GOAL OF THE EXERCISE — Copy the records below word for word, from the first line through the line that contains "Kyoto Black AcetateEyeglass", and leave out any pictures.

Crawled caption data
________________

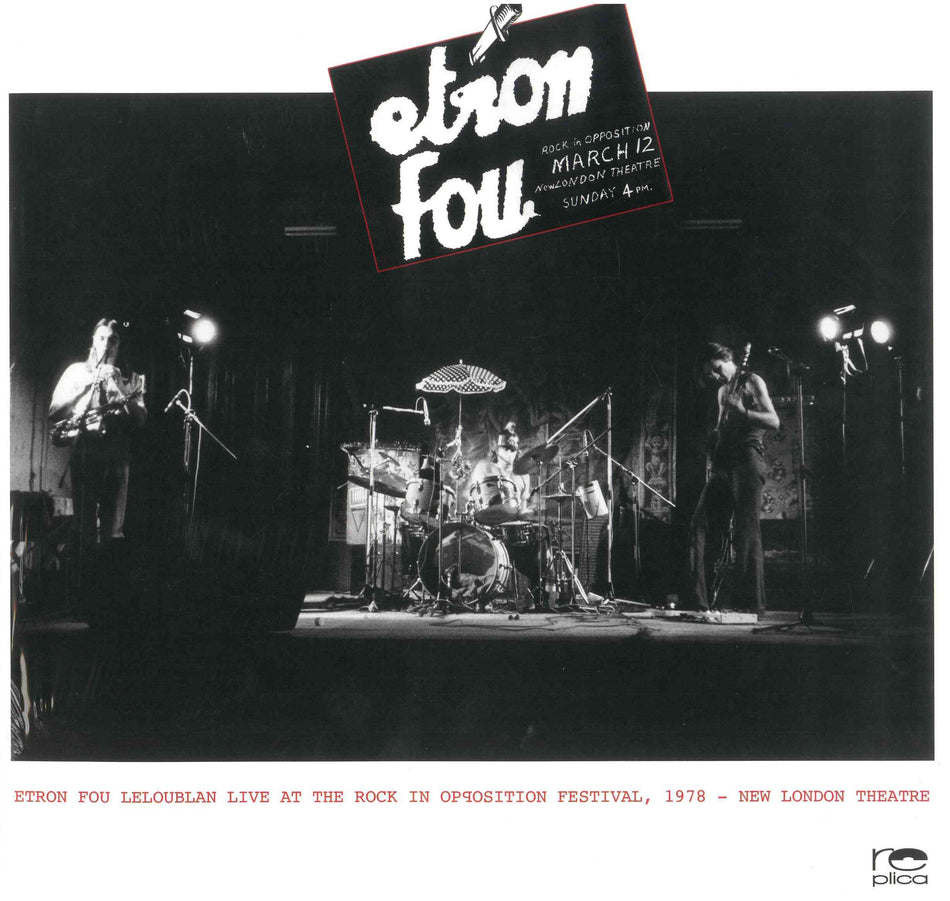 Live at the Rock In Opposition Festival, 1978 - New London Theater - Front Cover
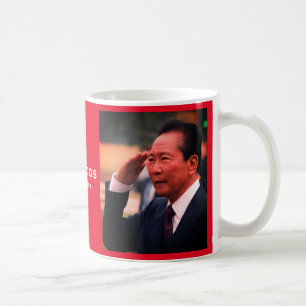 Ferdinand Marcos, zehnter Präsident der Philippine Kaffeetasse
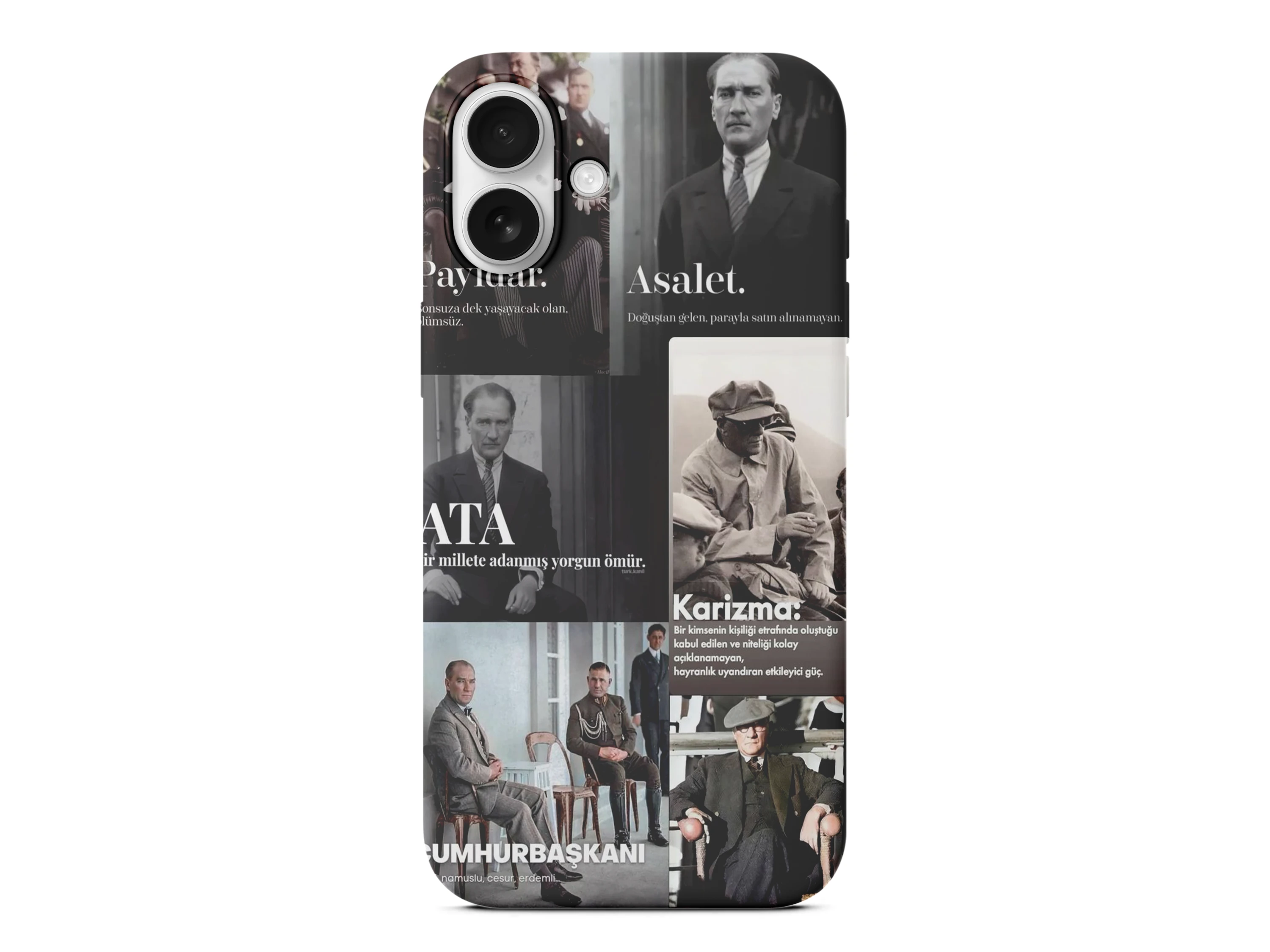 Asalet ve Karizma Detaylı Atatürk Baskılı Telefon Kılıfı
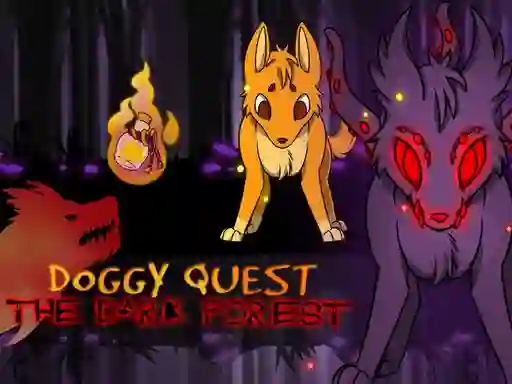 Logħba Doggy Quest The Dark Forest onlajn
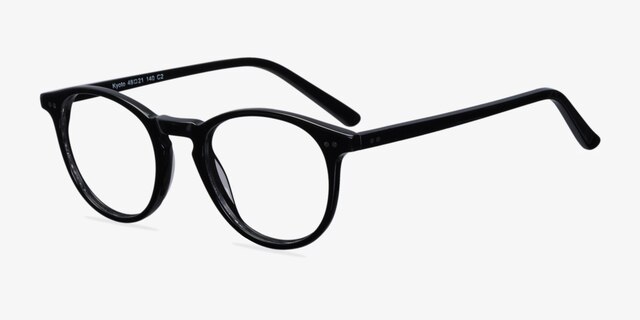 Kyoto Black AcetateEyeglass Frames from EyeBuyDirect, Angle View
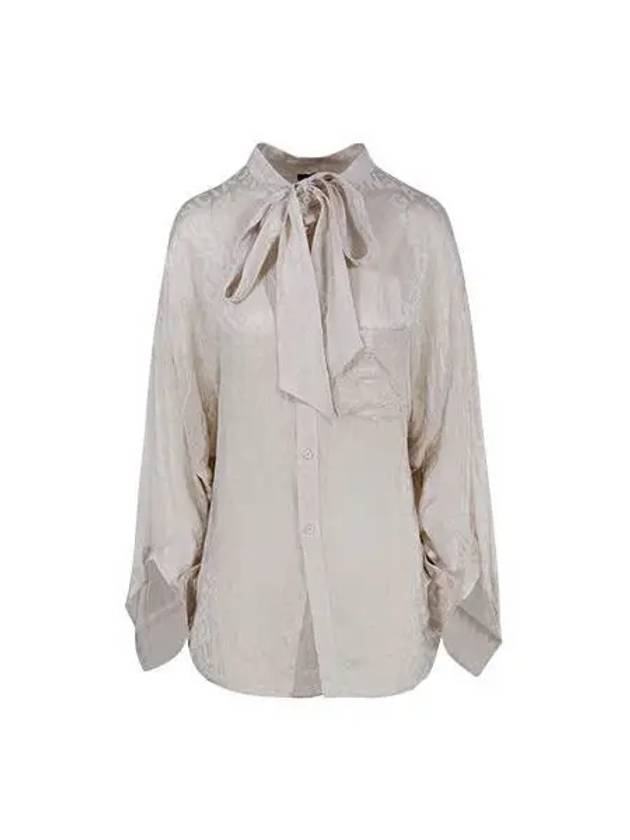 Shirt Twist Swing Silk Blouse Ivory - BALENCIAGA - BALAAN 1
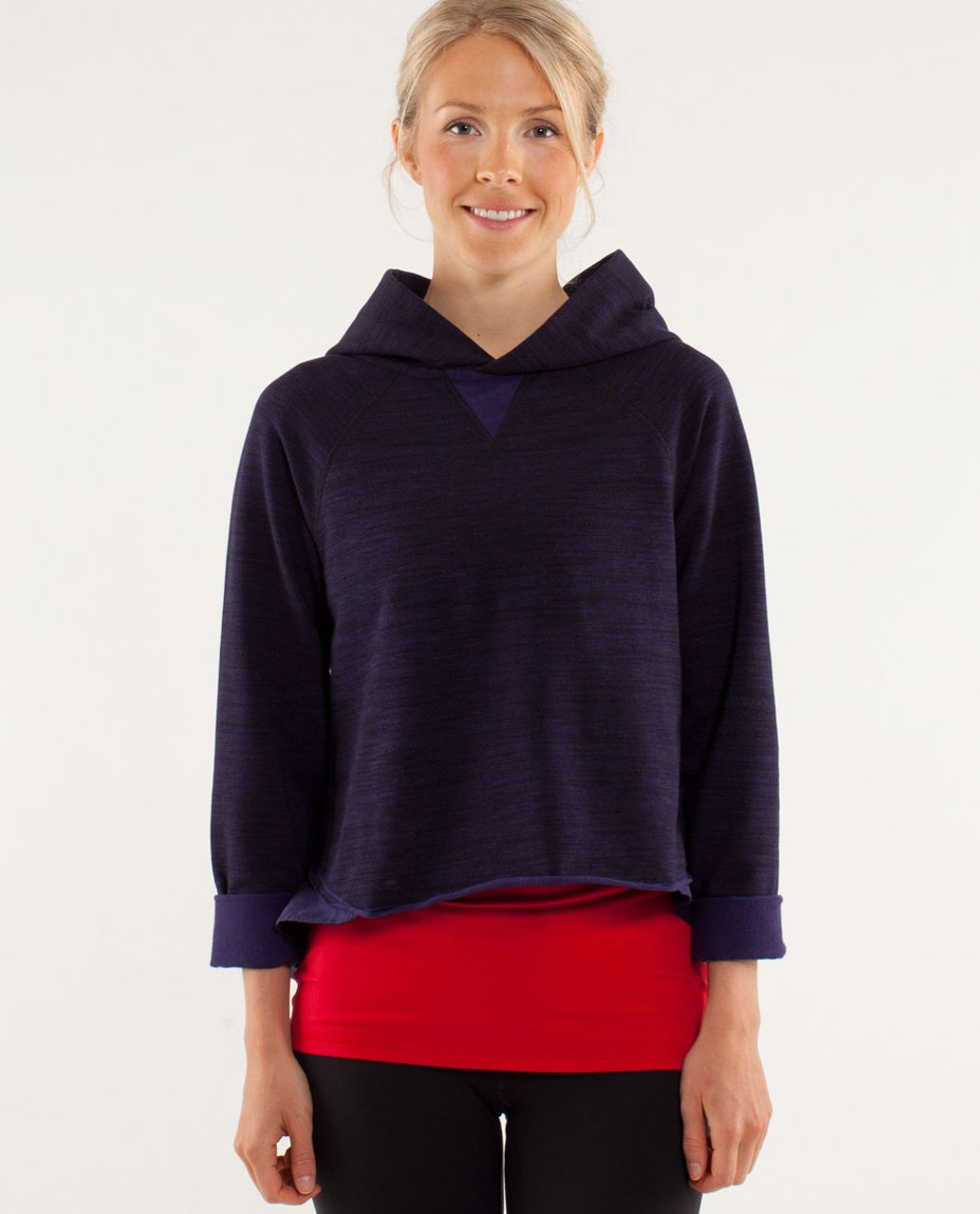 Lululemon Pull Me Over Hoodie - Commuter Denim Dense Purple / Dense Purple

________________

EXERCISE RESPONSE —
 Live at the Rock In Opposition Festival, 1978 - New London Theater - Front Cover
 Ferdinand Marcos, zehnter Präsident der Philippine Kaffeetasse
 Asalet ve Karizma Detaylı Atatürk Baskılı Telefon Kılıfı
 Logħba Doggy Quest The Dark Forest onlajn
 Kyoto Black AcetateEyeglass Frames from EyeBuyDirect, Angle View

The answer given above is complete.